### What is required:
Where the records below have a line with "Strap", that line is to be copied.

### Data:
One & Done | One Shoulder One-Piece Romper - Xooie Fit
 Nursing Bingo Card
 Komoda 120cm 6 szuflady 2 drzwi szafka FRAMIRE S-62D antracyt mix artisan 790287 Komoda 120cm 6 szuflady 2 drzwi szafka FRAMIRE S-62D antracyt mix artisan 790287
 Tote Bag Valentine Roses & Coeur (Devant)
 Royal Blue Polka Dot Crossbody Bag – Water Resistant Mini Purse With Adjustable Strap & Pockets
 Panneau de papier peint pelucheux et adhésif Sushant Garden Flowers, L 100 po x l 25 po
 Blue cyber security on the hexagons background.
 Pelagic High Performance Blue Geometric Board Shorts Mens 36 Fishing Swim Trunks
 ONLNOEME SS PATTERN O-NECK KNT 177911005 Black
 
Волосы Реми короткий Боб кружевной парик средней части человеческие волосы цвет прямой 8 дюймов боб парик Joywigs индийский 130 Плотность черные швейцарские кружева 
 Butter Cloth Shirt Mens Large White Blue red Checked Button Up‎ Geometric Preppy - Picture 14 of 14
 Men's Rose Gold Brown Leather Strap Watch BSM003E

### Problem solution:
 Royal Blue Polka Dot Crossbody Bag – Water Resistant Mini Purse With Adjustable Strap & Pockets
 Men's Rose Gold Brown Leather Strap Watch BSM003E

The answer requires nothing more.